Supplied data:

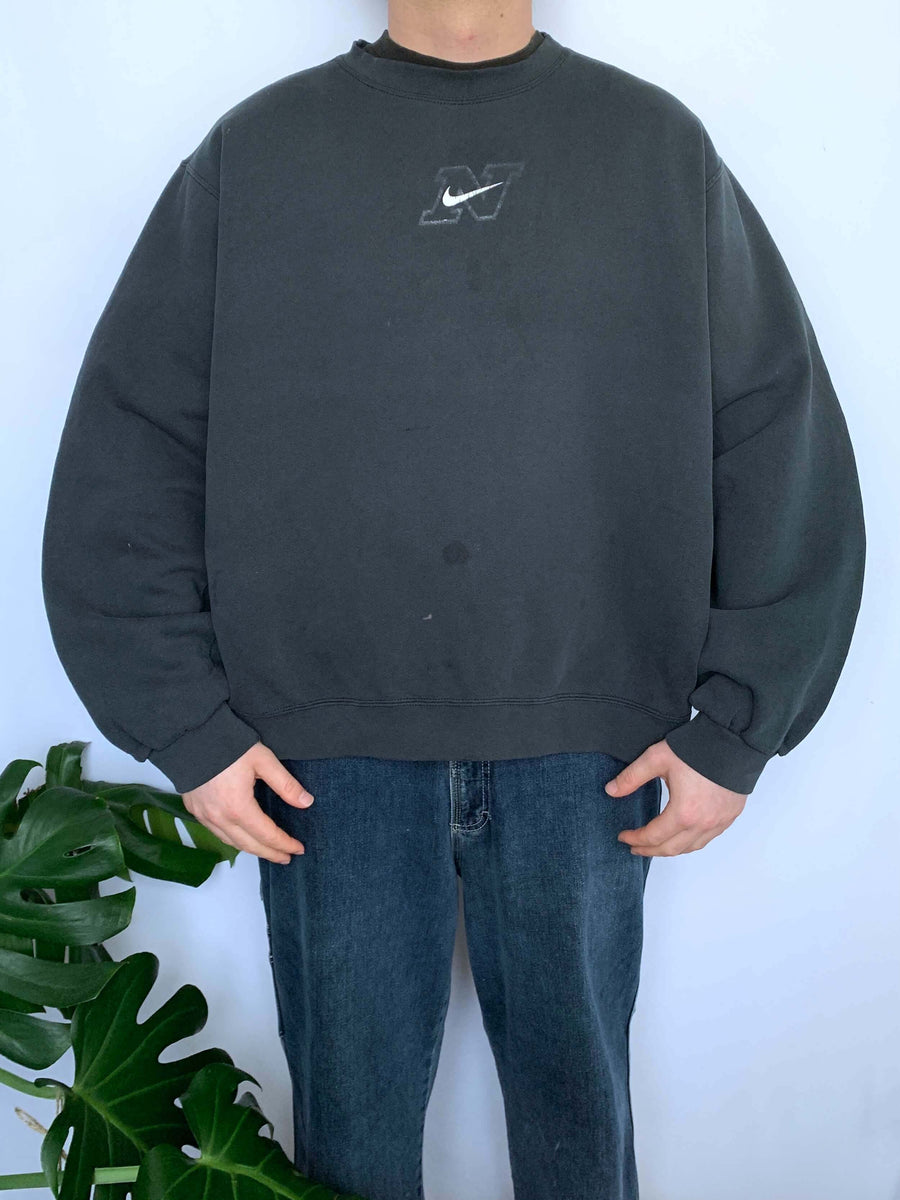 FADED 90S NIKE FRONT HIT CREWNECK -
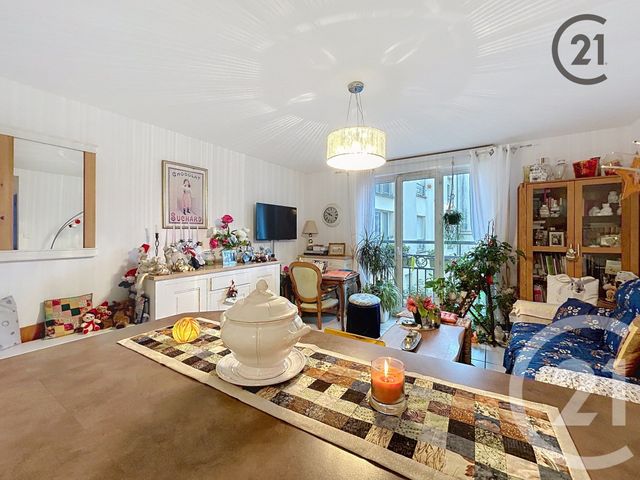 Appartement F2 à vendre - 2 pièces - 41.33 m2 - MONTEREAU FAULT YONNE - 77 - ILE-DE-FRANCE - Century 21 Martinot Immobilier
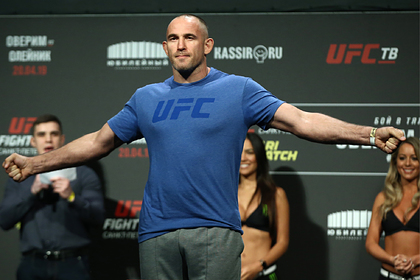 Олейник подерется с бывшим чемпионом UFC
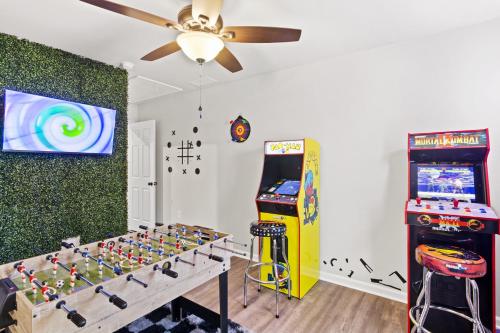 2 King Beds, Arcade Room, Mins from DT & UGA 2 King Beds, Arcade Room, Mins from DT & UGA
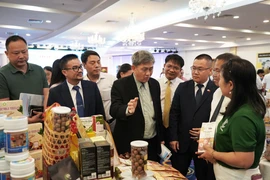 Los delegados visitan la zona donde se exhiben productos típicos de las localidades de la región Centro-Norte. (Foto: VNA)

...

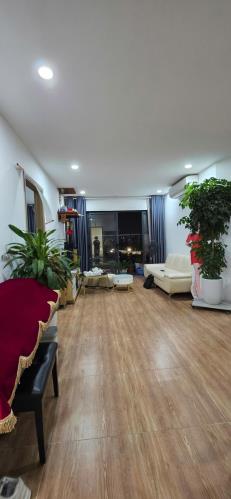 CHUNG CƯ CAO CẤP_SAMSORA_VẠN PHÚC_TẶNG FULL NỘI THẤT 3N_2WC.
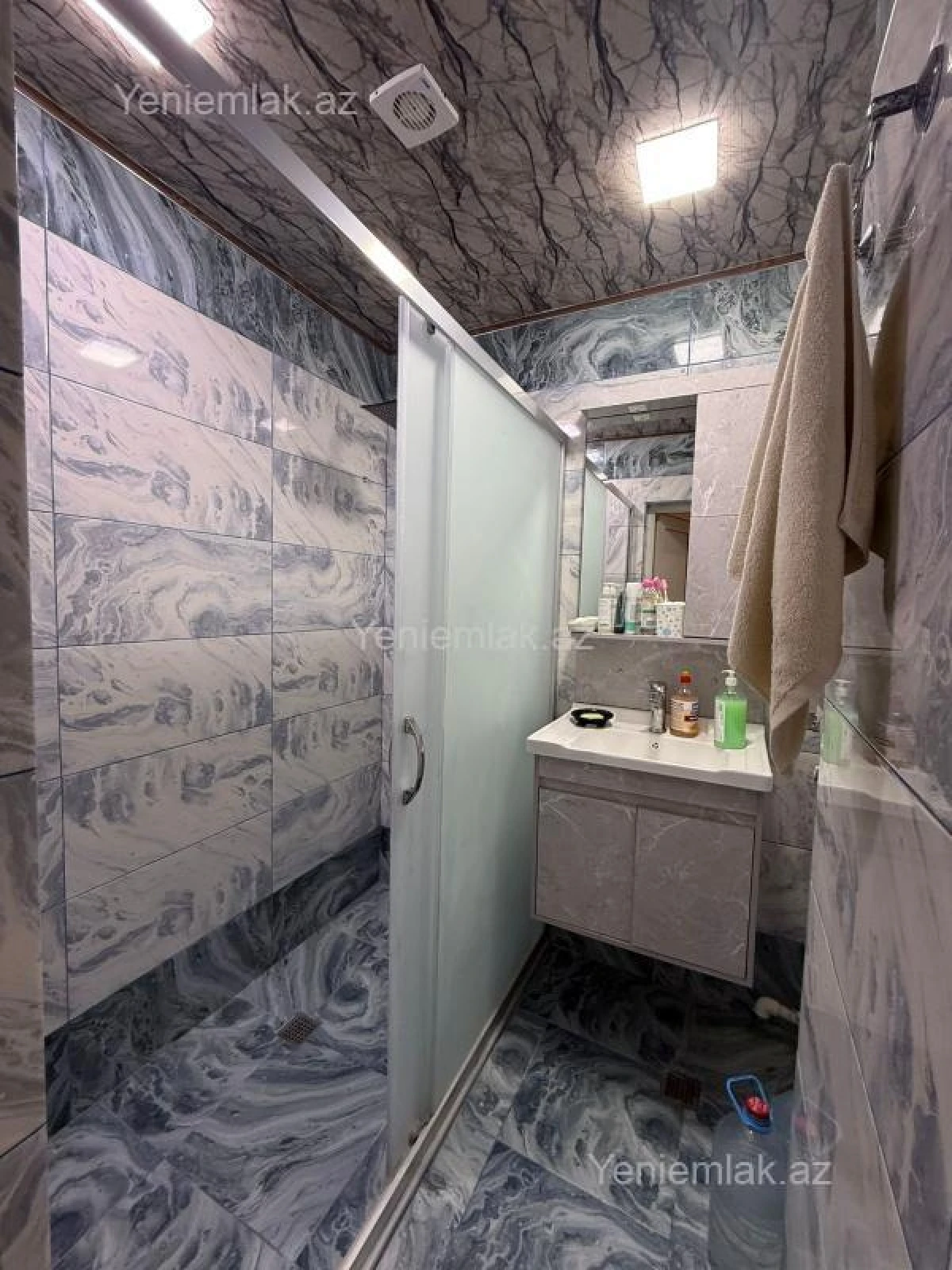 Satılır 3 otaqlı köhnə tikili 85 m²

What the task requires:
Everything from the line above that contains "Appartement F2 à" down to the line that contains "2 King Beds, Arcade Room, Mins from DT & UGA 2" must be reproduced exactly, both ends included. Omit the pictures.

Solution for this exercise:
 Appartement F2 à vendre - 2 pièces - 41.33 m2 - MONTEREAU FAULT YONNE - 77 - ILE-DE-FRANCE - Century 21 Martinot Immobilier
 Олейник подерется с бывшим чемпионом UFC
 2 King Beds, Arcade Room, Mins from DT & UGA 2 King Beds, Arcade Room, Mins from DT & UGA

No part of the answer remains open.